January jobs report crushes expectations: 227,000 added

Paul Davidson
USA TODAY

The labor market began 2017 on a high note as U.S employers added 227,000 jobs in January, raising the prospect of solid hiring this year amid a burst of business confidence in the Trump administration.

The unemployment rate, which is calculated from a different survey, rose to 4.8% from 4.7%, the Labor Department said Friday. That's because a hefty rise in employment was offset by an even bigger increase in the number of Americans working and looking for jobs.

Study hiring has stoked activity at job fairs.

Economists surveyed by Bloomberg expected 175,000 job gains.

The news cheered investors who pushed up the Dow Jones industrial average by 186 points, ending the week at 20,071. Financial stocks contributed to the broader market's gains after President Trump signed an executive order to roll back some Obama-era restraints on Wall Street banks.

Businesses added 237,000 jobs, driven by retail, construction and financial services. Federal, state and local governments lost 10,000.

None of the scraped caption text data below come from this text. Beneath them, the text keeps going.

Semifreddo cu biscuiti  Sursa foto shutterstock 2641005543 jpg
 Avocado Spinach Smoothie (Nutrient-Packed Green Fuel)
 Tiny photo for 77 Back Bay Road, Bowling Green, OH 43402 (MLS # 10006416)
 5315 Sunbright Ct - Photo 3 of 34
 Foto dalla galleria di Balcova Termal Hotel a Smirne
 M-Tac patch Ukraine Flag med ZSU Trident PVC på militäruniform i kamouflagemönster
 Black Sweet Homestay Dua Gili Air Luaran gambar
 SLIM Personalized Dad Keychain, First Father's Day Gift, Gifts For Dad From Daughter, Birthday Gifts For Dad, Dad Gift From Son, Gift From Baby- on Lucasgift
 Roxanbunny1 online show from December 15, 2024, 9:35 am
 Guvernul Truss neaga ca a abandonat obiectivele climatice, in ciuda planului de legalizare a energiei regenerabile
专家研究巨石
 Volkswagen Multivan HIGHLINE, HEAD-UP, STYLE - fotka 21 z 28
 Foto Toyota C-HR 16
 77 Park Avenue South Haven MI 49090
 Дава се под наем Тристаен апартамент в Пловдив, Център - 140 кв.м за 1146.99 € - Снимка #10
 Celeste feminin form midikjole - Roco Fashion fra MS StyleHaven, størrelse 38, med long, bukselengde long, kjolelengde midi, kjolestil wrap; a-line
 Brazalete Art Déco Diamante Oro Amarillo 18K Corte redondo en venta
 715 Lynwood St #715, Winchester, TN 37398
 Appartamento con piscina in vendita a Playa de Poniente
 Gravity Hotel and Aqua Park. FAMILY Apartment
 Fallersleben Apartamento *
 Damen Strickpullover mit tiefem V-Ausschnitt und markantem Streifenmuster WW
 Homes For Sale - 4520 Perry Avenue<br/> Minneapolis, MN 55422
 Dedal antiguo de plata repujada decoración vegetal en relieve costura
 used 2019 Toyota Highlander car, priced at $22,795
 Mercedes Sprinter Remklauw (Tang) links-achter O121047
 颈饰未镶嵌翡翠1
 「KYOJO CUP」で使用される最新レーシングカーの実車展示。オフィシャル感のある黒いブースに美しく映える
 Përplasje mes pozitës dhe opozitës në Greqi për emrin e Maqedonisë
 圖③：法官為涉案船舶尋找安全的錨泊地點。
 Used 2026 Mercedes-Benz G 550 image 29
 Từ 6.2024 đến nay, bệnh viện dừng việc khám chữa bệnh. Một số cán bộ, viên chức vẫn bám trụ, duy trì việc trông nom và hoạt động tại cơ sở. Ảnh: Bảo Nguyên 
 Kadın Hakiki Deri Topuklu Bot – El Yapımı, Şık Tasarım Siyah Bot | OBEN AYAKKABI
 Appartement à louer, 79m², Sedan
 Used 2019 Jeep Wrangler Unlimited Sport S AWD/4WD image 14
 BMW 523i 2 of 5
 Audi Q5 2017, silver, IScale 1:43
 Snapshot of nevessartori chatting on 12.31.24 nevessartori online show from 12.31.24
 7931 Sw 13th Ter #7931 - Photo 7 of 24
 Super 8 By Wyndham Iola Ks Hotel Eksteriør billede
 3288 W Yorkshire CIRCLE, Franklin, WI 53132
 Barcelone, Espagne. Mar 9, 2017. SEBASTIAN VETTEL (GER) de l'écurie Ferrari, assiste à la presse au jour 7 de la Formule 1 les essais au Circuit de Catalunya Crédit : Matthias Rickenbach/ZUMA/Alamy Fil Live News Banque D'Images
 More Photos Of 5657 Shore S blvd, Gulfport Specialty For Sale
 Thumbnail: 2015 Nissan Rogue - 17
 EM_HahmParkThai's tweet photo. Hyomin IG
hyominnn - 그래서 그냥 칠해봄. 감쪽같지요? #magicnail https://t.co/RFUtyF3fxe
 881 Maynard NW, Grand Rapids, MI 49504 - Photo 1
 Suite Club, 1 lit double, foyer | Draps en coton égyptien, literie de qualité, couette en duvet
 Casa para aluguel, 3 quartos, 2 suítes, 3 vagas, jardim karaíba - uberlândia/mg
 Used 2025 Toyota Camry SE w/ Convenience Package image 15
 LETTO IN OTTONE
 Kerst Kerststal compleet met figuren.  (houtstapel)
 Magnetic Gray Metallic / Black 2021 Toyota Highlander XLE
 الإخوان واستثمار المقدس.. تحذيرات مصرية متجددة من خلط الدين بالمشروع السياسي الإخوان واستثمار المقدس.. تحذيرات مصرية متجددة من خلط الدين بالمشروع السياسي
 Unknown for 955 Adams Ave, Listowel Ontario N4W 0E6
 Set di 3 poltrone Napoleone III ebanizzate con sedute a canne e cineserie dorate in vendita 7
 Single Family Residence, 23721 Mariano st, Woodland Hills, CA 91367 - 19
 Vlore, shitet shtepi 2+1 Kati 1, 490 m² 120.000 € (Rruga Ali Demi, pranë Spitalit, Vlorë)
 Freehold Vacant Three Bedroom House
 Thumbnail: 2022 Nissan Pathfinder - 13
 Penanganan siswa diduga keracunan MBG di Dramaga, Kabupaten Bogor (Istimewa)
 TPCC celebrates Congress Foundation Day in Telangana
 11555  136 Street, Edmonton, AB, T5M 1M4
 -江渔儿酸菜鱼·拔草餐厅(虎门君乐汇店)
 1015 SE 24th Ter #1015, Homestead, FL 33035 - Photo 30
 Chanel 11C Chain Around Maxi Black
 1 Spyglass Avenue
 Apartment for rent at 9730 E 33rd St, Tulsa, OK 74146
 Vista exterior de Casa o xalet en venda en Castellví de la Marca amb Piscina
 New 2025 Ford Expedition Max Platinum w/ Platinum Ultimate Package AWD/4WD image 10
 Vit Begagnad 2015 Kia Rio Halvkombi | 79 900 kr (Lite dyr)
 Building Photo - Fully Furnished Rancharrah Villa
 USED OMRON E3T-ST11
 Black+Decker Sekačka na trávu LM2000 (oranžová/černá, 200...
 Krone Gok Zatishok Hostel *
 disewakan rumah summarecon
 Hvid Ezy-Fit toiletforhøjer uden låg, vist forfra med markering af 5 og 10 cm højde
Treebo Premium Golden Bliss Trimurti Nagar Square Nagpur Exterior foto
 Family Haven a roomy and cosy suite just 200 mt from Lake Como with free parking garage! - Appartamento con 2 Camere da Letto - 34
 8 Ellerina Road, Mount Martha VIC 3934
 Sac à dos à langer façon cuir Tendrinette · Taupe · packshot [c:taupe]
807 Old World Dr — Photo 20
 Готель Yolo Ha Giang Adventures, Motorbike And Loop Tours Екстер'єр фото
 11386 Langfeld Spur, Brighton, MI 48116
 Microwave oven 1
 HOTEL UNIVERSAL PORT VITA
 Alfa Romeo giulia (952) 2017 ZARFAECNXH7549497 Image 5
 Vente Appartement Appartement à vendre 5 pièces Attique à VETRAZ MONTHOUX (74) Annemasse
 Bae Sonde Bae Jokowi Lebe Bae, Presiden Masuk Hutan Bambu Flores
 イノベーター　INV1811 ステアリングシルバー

On the downside, job gains for November and December were revised down by 39,000. November’s was revised to 164,000 from 204,000, and December’s to 157,000 from 156,000.

Average hourly wages rose a tepid 3 cents to $26, moderating annual gains to 2.5% from 2.9% in December. Economists expected the 2.9% jump at least to hold after about 20 states raised their minimum wage last month. The tight labor market was expected to juice wage growth as employers compete to attract fewer job candidates.

The disappointing pay increase could temper inflation and help convince the Federal Reserve to wait until June to raise interest rates again despite January's healthy job gain, says economist Andrew Hunter of Capital Economics. The Fed raised its benchmark rate in December for the first time in a year but gave no signal after a meeting this week that it’s poised to act again in the very near term.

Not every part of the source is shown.